- [WORK INSTRUCTIONS]
For the entries that follow, retype exactly the lines from the one containing "a shirtless man" to the one containing "My children taking", inclusive, and only those. Images stay out of the copy.

- [SOURCE INFORMATION]

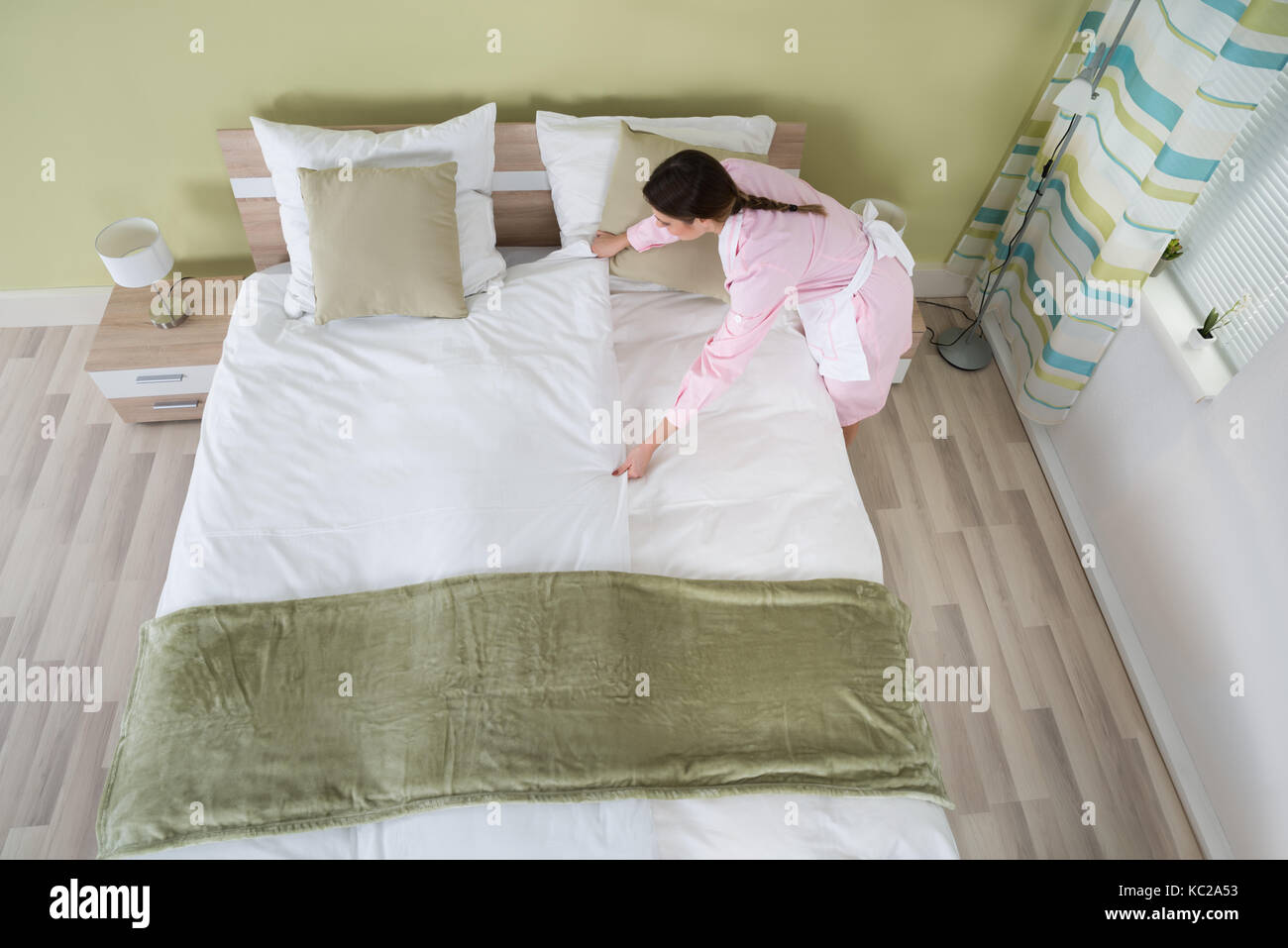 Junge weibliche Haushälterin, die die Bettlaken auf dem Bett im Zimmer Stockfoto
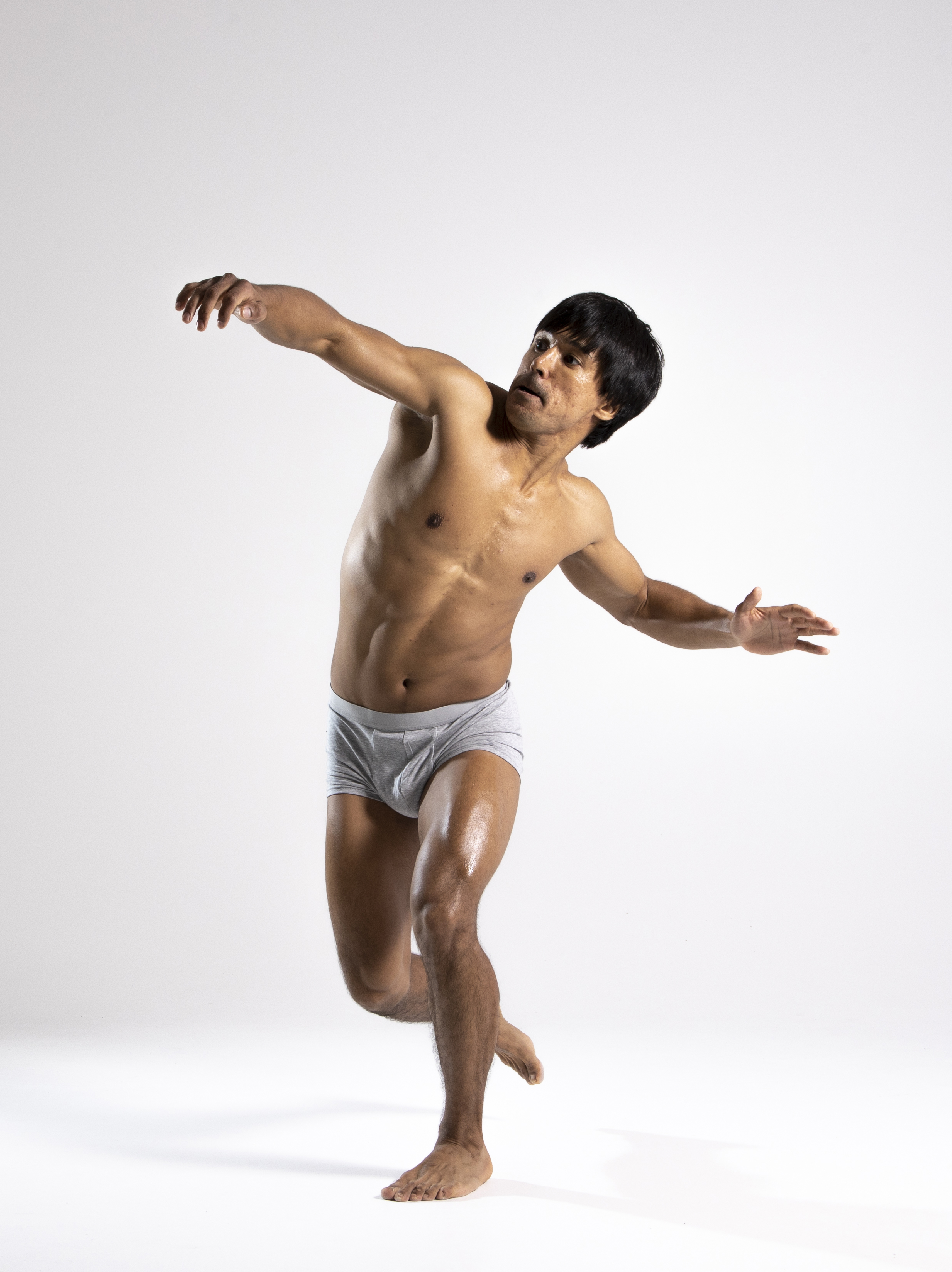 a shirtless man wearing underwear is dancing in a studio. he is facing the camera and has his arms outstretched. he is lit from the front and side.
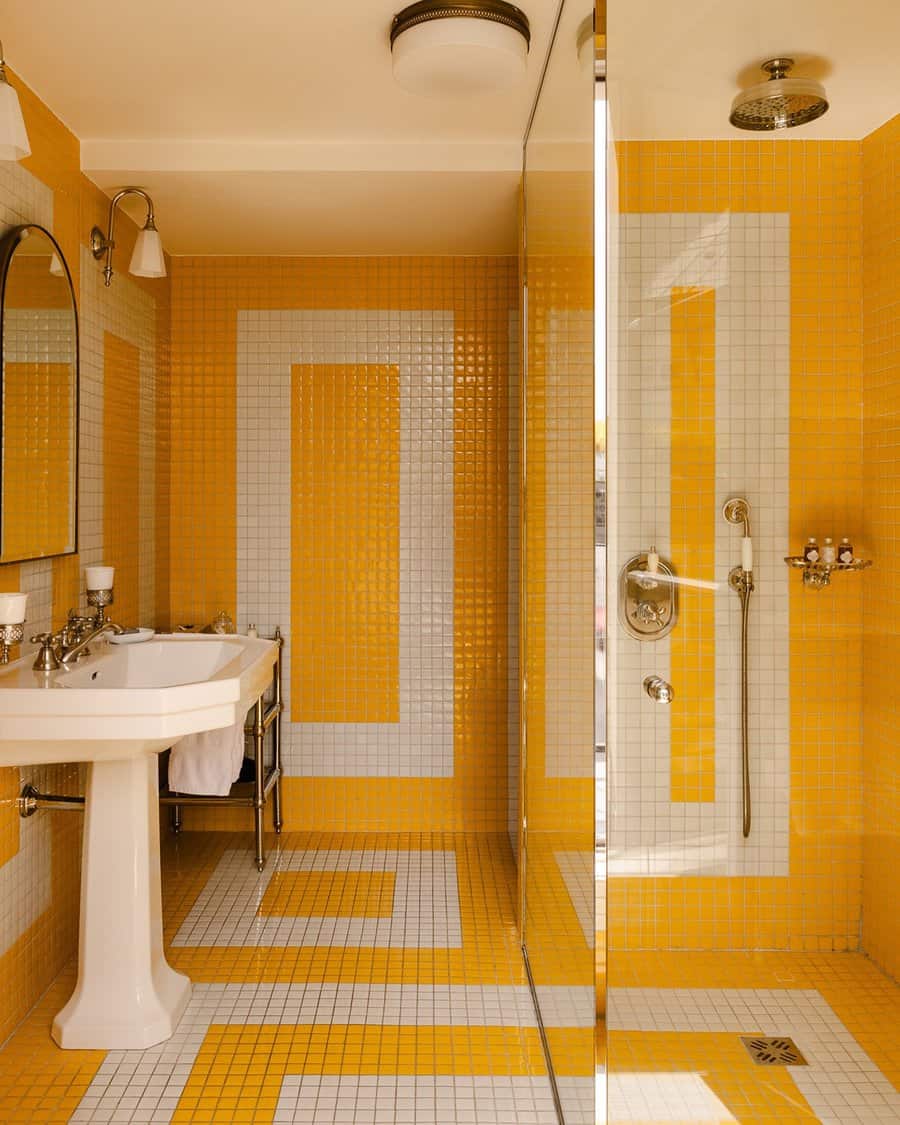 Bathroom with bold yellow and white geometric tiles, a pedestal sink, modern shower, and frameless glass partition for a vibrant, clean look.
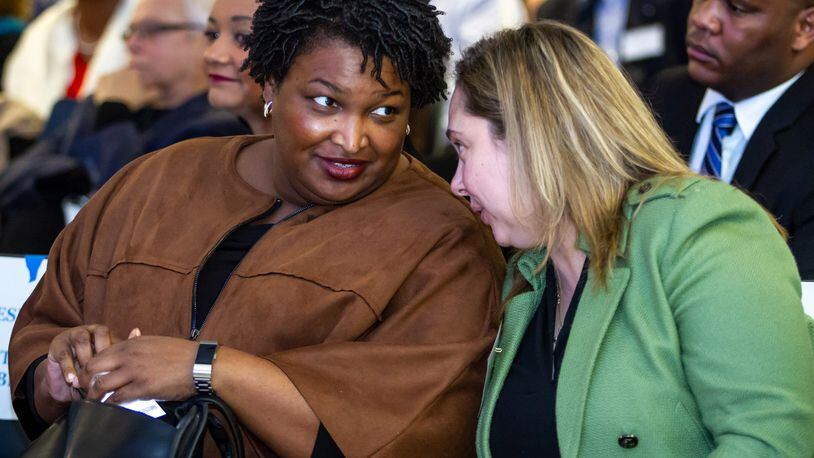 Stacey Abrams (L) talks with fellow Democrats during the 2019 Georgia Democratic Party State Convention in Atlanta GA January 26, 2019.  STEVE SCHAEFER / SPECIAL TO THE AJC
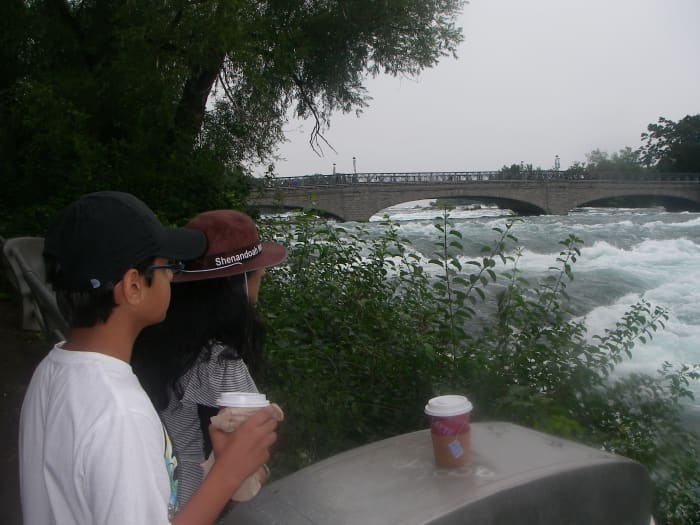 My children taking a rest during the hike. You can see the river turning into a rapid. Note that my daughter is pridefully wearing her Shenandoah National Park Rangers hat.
* * *
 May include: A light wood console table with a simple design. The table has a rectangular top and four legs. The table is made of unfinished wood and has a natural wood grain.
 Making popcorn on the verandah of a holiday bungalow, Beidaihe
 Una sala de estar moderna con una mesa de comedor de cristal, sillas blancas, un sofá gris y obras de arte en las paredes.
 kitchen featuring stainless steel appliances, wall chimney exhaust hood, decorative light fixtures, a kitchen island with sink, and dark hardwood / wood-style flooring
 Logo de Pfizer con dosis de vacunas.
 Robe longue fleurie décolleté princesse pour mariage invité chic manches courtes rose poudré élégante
==
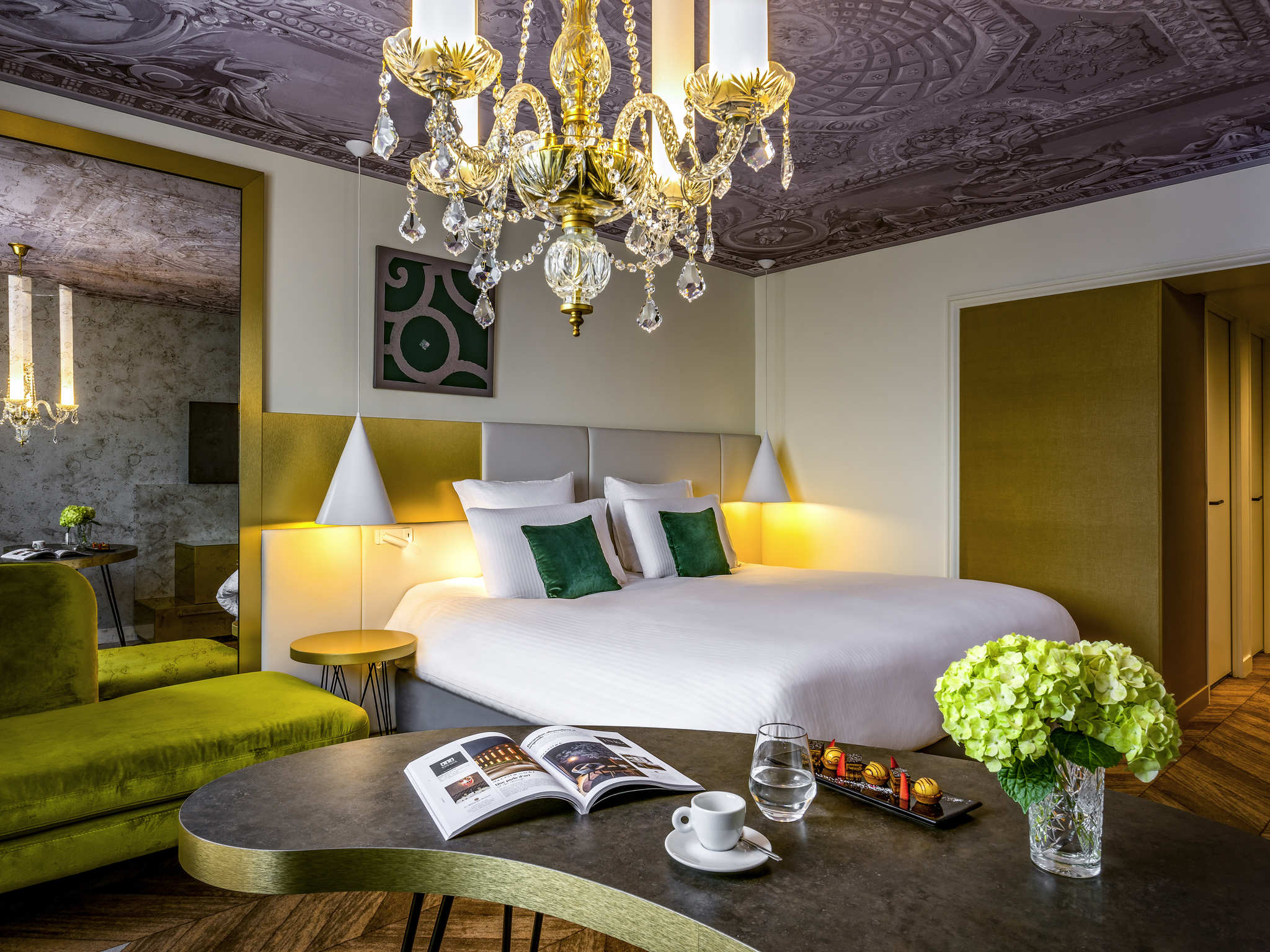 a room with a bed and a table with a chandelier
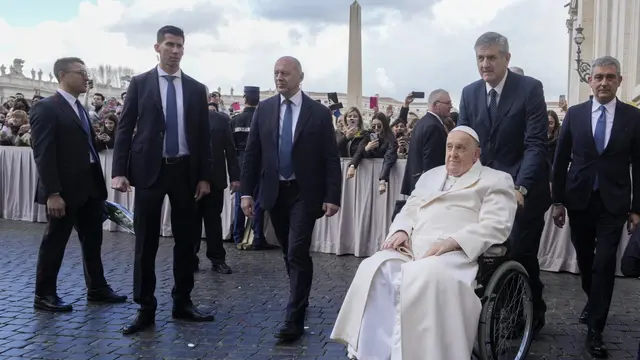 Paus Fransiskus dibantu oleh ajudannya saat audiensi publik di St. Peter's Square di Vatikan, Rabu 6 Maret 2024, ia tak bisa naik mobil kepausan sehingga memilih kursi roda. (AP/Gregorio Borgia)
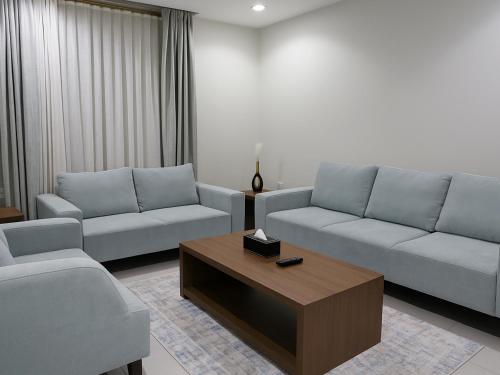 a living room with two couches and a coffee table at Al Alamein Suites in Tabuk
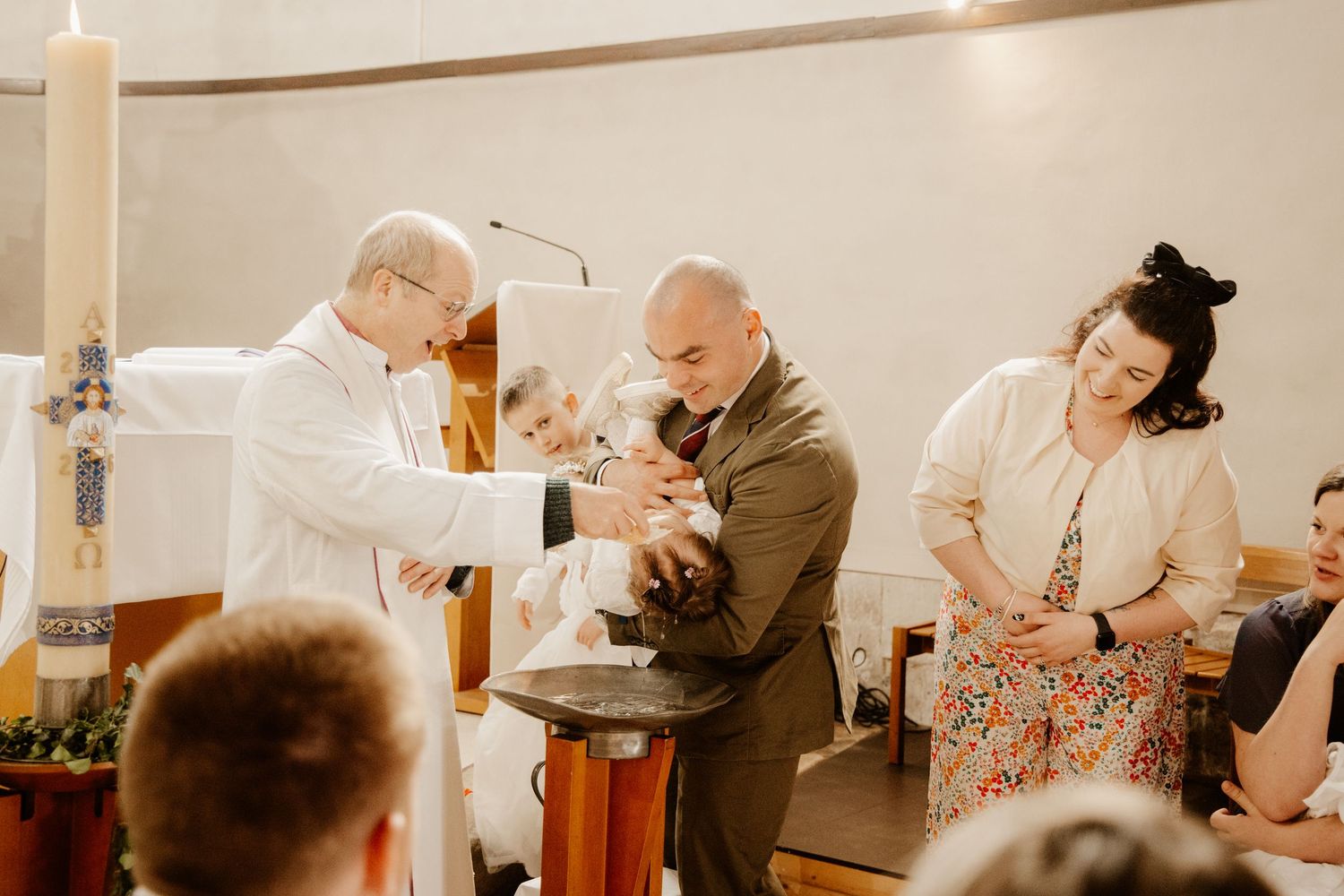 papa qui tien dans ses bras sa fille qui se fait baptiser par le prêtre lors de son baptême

- [REPLY]
 a shirtless man wearing underwear is dancing in a studio. he is facing the camera and has his arms outstretched. he is lit from the front and side.
 Bathroom with bold yellow and white geometric tiles, a pedestal sink, modern shower, and frameless glass partition for a vibrant, clean look.
 Stacey Abrams (L) talks with fellow Democrats during the 2019 Georgia Democratic Party State Convention in Atlanta GA January 26, 2019.  STEVE SCHAEFER / SPECIAL TO THE AJC
 My children taking a rest during the hike. You can see the river turning into a rapid. Note that my daughter is pridefully wearing her Shenandoah National Park Rangers hat.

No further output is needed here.